## What the task asks
Only the lines of the data below from the one with "Retro Waves Pink" through the one with "Used 2012 Schecter" are wanted. Repeat them exactly.

## Dataset content
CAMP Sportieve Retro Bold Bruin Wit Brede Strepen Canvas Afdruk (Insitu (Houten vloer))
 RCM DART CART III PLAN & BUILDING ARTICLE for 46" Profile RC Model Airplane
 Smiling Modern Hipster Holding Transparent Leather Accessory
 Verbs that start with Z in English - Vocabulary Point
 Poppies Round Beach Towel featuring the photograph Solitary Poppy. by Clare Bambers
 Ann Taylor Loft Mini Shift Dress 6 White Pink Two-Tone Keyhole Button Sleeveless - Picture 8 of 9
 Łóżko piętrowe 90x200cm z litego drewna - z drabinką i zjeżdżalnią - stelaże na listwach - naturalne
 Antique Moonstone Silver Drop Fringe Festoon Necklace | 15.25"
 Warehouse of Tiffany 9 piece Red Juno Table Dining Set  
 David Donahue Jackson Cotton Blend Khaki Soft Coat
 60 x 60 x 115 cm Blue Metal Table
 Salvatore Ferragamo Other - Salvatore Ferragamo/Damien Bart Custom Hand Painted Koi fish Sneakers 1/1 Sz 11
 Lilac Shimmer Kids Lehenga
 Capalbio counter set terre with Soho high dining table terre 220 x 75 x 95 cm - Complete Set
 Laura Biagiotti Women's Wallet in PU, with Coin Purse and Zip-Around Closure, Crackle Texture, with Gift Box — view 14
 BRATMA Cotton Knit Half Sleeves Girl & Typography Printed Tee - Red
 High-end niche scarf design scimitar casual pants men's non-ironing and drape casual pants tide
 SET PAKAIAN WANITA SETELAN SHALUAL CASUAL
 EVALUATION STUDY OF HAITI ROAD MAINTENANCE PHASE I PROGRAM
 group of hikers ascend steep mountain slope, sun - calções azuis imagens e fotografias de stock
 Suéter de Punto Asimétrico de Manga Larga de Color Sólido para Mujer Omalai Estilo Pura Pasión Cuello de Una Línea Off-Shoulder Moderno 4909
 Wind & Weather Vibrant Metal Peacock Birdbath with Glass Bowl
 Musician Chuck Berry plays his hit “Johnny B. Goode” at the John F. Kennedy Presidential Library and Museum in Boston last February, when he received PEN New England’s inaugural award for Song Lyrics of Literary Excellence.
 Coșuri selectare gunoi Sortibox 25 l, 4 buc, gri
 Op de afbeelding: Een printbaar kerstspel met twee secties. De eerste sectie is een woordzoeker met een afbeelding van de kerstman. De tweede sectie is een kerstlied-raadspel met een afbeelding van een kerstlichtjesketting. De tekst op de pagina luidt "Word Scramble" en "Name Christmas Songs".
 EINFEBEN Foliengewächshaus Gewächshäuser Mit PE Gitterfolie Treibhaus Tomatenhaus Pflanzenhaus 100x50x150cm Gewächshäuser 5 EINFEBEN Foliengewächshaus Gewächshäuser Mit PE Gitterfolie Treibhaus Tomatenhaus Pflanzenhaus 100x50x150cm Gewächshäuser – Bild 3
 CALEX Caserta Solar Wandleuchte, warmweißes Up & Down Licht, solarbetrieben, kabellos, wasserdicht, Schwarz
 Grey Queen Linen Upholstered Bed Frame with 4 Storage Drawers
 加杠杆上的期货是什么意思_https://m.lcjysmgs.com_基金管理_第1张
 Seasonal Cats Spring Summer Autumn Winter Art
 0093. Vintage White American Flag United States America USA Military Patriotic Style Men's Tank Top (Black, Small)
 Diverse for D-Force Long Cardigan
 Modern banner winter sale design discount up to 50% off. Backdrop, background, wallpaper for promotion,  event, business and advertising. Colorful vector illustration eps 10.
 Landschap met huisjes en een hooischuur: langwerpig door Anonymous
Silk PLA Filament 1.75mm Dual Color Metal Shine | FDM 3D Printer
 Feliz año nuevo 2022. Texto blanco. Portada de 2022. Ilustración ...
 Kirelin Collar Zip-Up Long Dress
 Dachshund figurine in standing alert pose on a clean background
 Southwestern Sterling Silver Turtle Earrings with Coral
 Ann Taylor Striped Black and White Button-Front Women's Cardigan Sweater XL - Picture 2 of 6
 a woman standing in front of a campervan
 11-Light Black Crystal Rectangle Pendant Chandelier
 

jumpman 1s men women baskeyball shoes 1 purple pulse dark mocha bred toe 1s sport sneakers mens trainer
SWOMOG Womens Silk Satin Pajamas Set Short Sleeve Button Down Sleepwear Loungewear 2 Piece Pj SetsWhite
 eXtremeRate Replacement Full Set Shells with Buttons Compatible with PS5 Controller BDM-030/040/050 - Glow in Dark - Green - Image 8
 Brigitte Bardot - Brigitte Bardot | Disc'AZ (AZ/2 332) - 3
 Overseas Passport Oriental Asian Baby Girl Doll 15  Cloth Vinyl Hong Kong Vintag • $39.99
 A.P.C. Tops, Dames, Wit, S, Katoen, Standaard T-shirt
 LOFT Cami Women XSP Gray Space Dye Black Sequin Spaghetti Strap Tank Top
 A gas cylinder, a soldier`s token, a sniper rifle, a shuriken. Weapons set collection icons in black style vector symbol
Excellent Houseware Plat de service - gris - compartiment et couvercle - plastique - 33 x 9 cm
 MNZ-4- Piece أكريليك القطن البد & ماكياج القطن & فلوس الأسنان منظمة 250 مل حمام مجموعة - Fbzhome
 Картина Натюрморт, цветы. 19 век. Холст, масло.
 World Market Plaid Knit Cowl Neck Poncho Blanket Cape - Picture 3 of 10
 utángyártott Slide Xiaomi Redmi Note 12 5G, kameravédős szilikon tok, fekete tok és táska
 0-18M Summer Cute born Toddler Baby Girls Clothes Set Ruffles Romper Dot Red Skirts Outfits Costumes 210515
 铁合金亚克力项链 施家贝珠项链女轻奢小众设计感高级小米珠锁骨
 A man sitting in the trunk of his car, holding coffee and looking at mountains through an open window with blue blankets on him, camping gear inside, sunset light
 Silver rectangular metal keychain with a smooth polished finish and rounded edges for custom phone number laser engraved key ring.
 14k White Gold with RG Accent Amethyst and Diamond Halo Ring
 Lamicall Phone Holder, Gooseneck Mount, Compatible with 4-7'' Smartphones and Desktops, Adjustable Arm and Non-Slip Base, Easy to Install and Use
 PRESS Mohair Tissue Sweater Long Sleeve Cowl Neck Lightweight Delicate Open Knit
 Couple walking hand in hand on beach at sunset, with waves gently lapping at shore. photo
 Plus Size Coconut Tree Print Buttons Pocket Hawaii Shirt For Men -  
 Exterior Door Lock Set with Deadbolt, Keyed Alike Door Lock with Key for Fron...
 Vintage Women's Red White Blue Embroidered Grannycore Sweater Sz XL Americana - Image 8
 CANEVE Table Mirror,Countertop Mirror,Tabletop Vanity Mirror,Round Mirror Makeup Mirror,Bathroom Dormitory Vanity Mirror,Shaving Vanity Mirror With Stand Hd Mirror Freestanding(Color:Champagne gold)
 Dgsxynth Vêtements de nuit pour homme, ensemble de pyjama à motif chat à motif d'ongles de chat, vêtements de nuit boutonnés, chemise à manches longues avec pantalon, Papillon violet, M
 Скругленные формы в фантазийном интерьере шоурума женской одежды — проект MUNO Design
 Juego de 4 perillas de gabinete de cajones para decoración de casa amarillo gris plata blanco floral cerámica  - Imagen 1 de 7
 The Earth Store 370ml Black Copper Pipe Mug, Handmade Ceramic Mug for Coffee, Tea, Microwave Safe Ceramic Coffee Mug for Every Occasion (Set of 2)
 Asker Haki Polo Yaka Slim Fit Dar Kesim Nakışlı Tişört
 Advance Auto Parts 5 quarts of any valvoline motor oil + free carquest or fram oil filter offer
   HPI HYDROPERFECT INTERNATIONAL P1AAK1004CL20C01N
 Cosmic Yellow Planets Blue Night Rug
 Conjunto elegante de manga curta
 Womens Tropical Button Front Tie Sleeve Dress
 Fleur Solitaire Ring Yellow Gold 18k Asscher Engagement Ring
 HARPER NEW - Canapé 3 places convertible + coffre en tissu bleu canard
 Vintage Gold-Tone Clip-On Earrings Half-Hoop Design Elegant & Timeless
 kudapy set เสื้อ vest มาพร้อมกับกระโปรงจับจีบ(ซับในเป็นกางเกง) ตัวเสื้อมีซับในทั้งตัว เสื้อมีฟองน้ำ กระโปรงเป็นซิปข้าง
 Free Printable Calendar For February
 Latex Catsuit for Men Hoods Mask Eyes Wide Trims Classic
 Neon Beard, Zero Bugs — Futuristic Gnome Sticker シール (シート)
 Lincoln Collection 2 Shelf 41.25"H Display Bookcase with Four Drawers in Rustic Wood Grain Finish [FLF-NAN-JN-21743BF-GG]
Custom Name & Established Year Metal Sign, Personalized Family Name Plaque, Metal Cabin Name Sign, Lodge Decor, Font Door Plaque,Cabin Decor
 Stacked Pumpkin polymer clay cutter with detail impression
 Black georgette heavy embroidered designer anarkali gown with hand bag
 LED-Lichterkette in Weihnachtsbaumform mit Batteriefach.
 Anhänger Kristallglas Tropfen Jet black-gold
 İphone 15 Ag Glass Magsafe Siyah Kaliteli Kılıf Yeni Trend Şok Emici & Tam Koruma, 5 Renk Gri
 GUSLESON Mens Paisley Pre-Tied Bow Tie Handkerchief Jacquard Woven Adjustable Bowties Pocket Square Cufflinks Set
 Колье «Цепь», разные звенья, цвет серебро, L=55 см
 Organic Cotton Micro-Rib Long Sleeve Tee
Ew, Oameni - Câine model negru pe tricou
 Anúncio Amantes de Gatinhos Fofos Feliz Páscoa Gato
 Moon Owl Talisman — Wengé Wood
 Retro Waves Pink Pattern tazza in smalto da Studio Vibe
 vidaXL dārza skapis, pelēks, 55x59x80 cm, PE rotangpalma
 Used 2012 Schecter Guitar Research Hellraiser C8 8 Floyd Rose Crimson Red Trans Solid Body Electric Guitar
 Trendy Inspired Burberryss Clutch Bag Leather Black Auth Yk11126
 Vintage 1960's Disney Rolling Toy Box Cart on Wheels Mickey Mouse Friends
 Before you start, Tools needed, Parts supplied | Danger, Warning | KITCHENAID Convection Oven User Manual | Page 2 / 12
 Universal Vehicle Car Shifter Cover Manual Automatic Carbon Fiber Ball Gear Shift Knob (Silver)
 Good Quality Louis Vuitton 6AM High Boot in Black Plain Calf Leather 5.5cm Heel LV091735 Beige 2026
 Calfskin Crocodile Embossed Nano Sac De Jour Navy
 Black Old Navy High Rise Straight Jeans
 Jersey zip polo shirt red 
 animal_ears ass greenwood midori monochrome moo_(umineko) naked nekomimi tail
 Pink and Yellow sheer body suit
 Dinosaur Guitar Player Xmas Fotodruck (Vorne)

## Result below
 Retro Waves Pink Pattern tazza in smalto da Studio Vibe
 vidaXL dārza skapis, pelēks, 55x59x80 cm, PE rotangpalma
 Used 2012 Schecter Guitar Research Hellraiser C8 8 Floyd Rose Crimson Red Trans Solid Body Electric Guitar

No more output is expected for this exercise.